** Data follows **

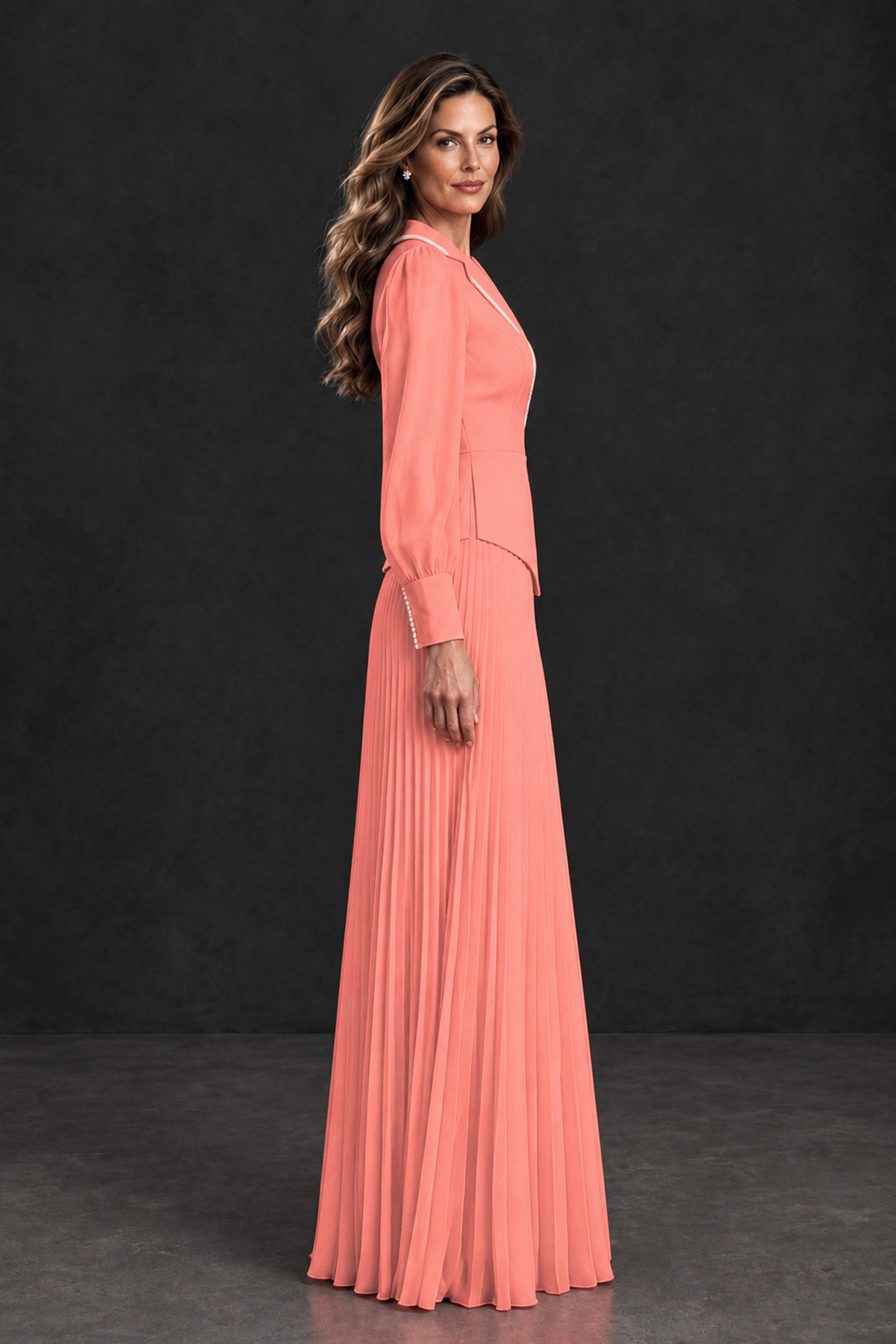 BOLODOO Coral Long Sleeve Pleated Mother of the Bride Dress - Coral - Coral_3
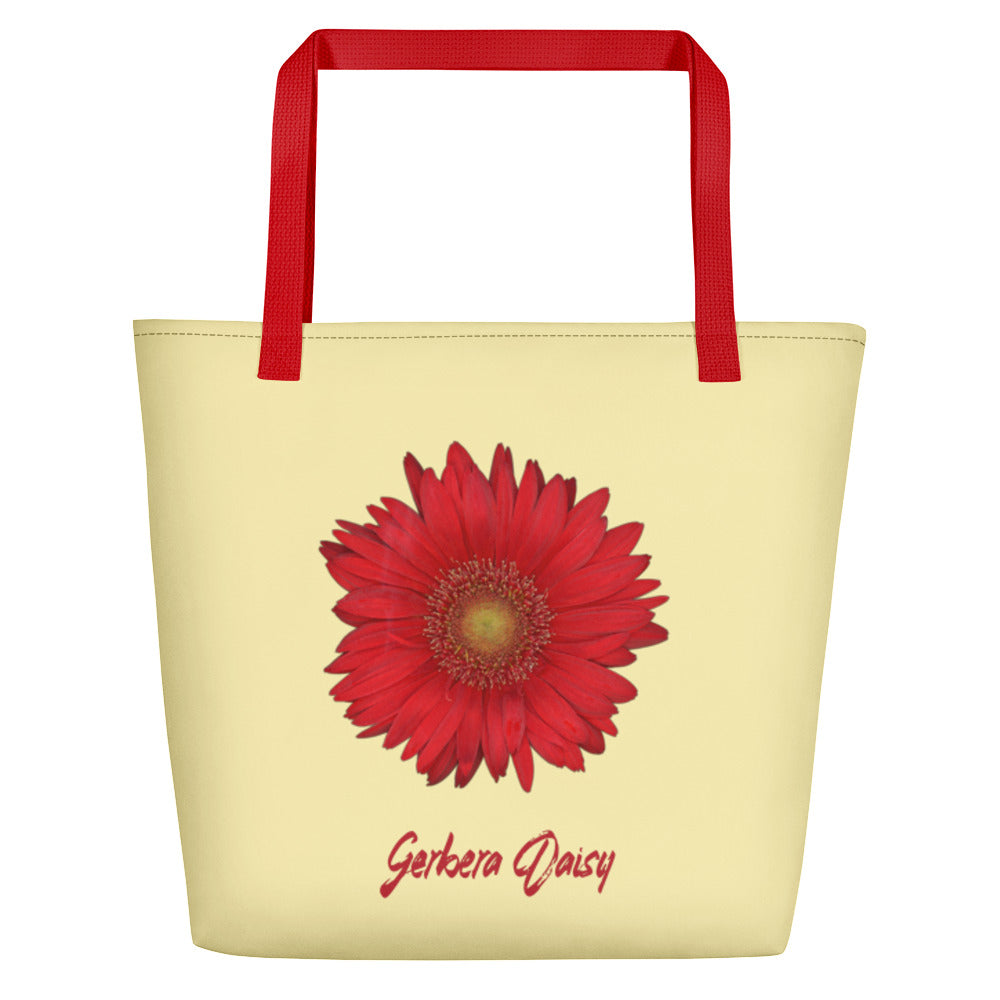 Gerbera Daisy Flower Red | Tote Bag | Large | Sunshine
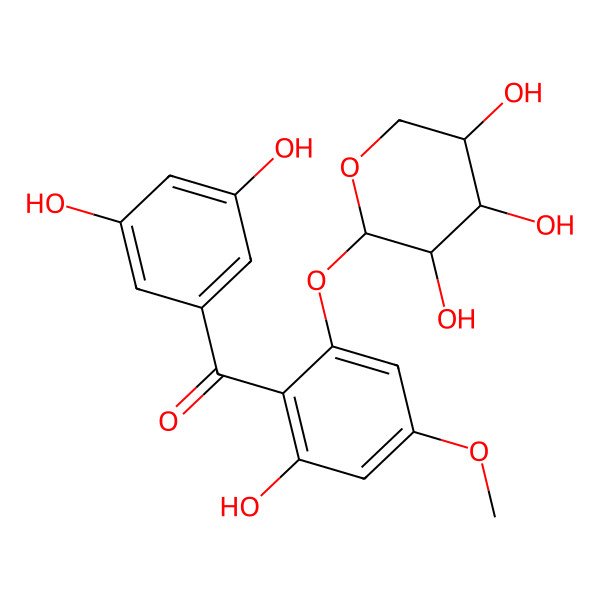 2D Structure of (3,5-Dihydroxyphenyl)-[2-hydroxy-4-methoxy-6-(3,4,5-trihydroxyoxan-2-yl)oxyphenyl]methanone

** End of Data **

Return to the listing above and set it down exactly, leaving out its pictures.

 BOLODOO Coral Long Sleeve Pleated Mother of the Bride Dress - Coral - Coral_3
 Gerbera Daisy Flower Red | Tote Bag | Large | Sunshine
 2D Structure of (3,5-Dihydroxyphenyl)-[2-hydroxy-4-methoxy-6-(3,4,5-trihydroxyoxan-2-yl)oxyphenyl]methanone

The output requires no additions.